We do know that Martin Luther King, Jr. taught and led people in non-violent action.
But we may not know of Bayard Rustin to taught non-violence to King.
[Check out the film, Rustin on Netflix.]
We have heard of Mahatma Ghandi,
but we may not know that Ghandi learned it from Leo Tolstoy, 
         who after writing such big books as War and Peace and Anna Karena,
         wrote many short stories about living simply, 
             peacefully, and non-violently as Jesus taught.
Non-violent resistance has a long history, but it is not popular to say the least.
        In fact most people are opposed to it.
It seems like suicide and failure to protect our families and our nation.
We have been taught to prefer violent retribution in response to violence.
This seems reasonable when we consider the attack on Pearl Harbor and our response to it.
Our response in that instance seems understandable, but it was explicitly vengeful.
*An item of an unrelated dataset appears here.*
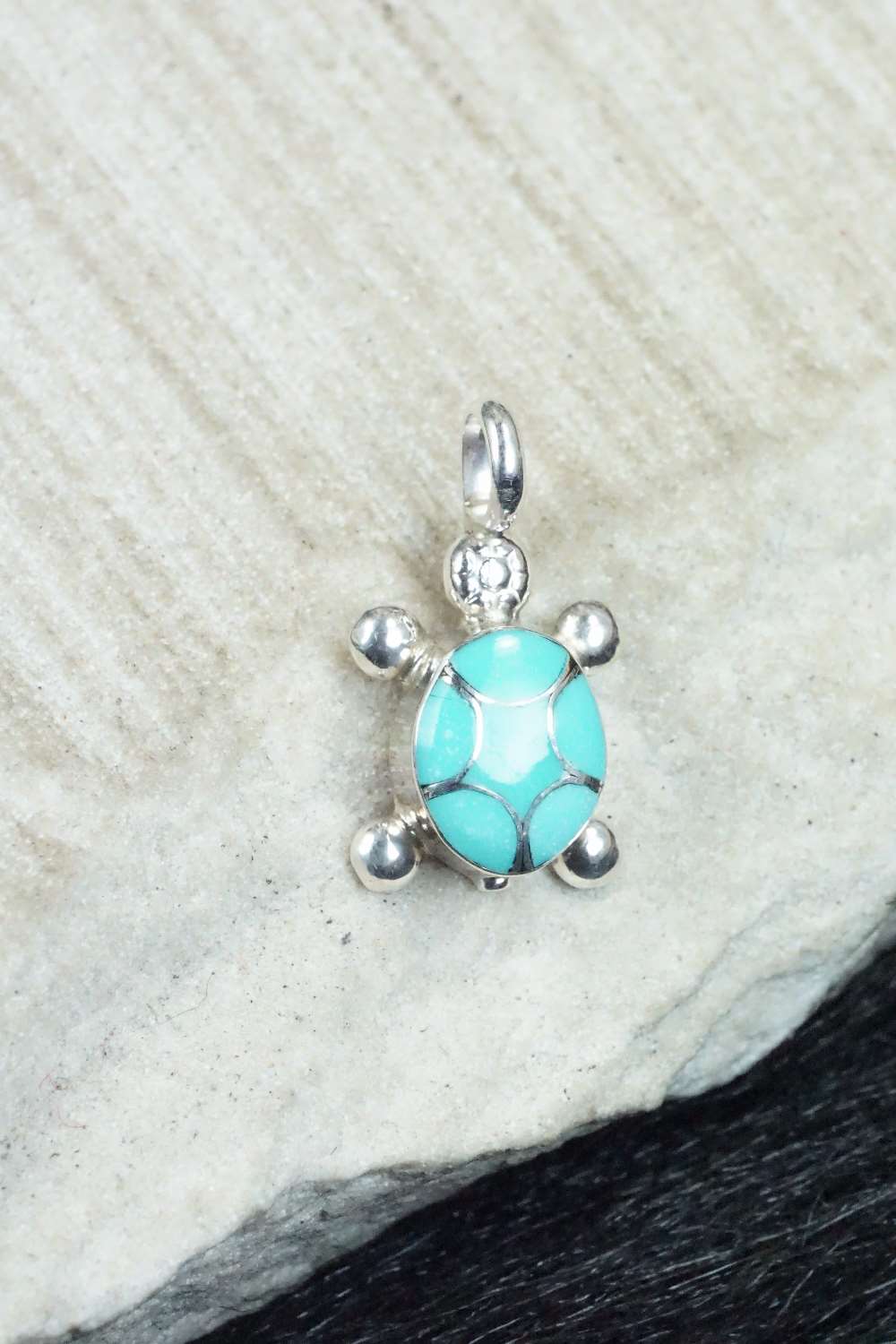 Turquoise & Sterling Silver Pendant - Amielda Peynetsa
What we believe today is the same thing that the Romans believed:
That violence produces peace.
When Jesus spoke of peacemaking, he spoke of love and forgiveness,
        but we see nothing odd about naming the Colt .45 repeating pistol “the peacemaker.”
                [BTW, The Pentagon and the US Army has long struggled 
                        with the concepts of “peacemaking” and “peacekeeping,” 
                settling on achieving stability (operations to restore order) with violence, 
                           and remaining neutral with policing.]
War does not make peace.

We have been taught to believe that an eye for an eye is a summary of Jewish law. It is not.
Love and justice are OT law.
We have been taught that God exacts revenge on God’s enemies,
but that is only one strand of the Bible.
We have two images of Jesus; one on a donkey as a messenger of peace on Palm Sunday,
        and one on a warhorse bringing violence to sinners in the book of Revelation.

Because of the way the Bible was written, edited, and assembled 
we are led to believe that the teaching of the book of Revelation 
is superior to the teachings of Jesus in the gospels.
This leads to images of Jesus carrying an AR-15, presumably to set right all the wrongs in the world.
Jesus, however, was about forgiveness and loving our enemies,
        but mostly we do not do those things.
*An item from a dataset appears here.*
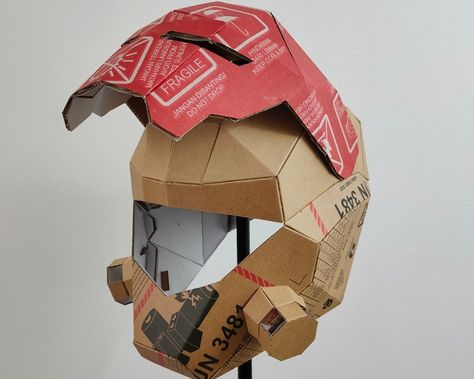 Cardboard Cyberpunk helmet with retractable face. Opened Cardboard Mask Diy, Cosplay Cardboard, Cardboard Armour, Mask Cardboard, Cardboard Helmet, Cardboard Masks, Paper Mask Diy, Cardboard Art Sculpture, Realistic Costumes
Paul offers this suggestion, shocking your enemies by helping them:
“Beloved, never avenge yourselves, if your enemies are hungry, feed them;
  if they are thirsty, give them something to drink, 
for by doing this you will heap burning coals on their heads.” 
“Heaping burning coals on their heads” 
is a violent image to explain shaming those who are violent to us 
by demonstrating our unwillingness to do as they do.
Or maybe it is an image of someone’s face “turning red,” blushing, in shame 
for what they know they have done wrong.

Doing good to those who do us wrong
prevents us from allowing others to control us and our behavior.
When we respond to violence with violence 
we are doing what the other wants us to do.

Jesus and Paul were teaching non-violence 
but it is not easy to see when everyone has told us otherwise 
that Jesus supports us in going to war.
“Presenting your bodies as a living sacrifice” is non-violent resistance,
risking our lives for what we believe.
Paul says “Do not be conformed to this age” of Roman values and violence,
“but be transformed by the renewing of the mind,” 
He means for us to learn and practice active, organized, non-violent resistance.
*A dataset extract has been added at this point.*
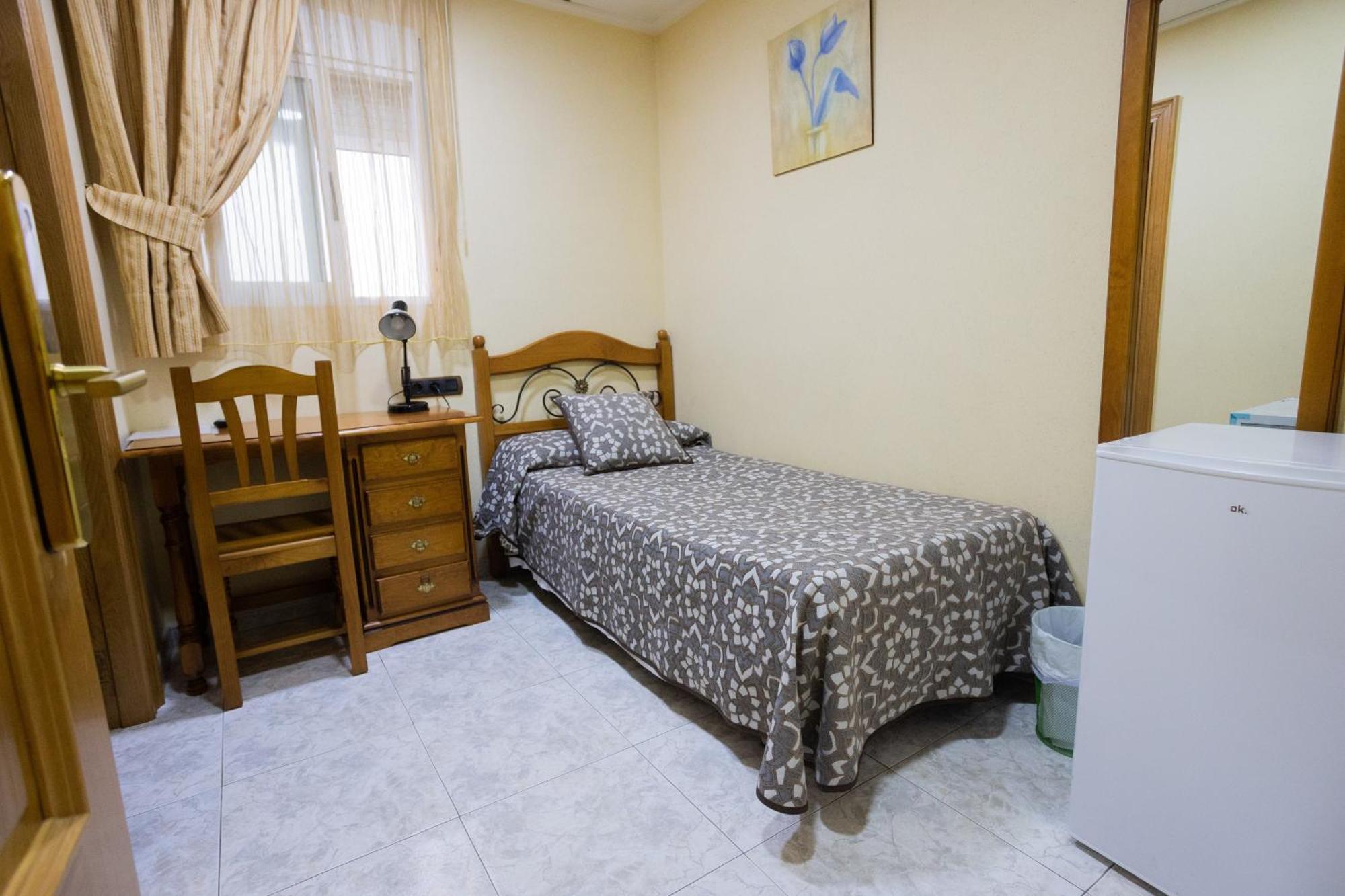 Hotel Beatriz Burriana Bagian luar foto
This is what many Jews were doing before and after Jesus.
One great example was the Roman plan a few years after Jesus was crucified
to install a giant statue of Caligula as Jupiter in the Jerusalem temple.
A general strike was called.
Tens of thousands of Jews showed up for “sit-ins”
offering themselves for death if the statue was set up.
The Romans relented.
There are dozens of examples through history, many in our own time, 
of non-violent protests bringing about dramatic change 
in government policies and the governments themselves.

The extent that Jesus and Paul were practicing and teaching 
non-violence was not well understood until recently.
There are a number of good books on this
A search on Amazon or at the library will uncover them.

All of this is personal for me because I became a Christian in 1966,
        which led me to protest the American war in Vietnam.
As a Christian, as a pacifist, in witness to Jesus, I refused induction into the army, twice.
I prepared to go to prison, but I entered seminary, and a year later
I won a lawsuit against the Selective Service System and the Attorney General. 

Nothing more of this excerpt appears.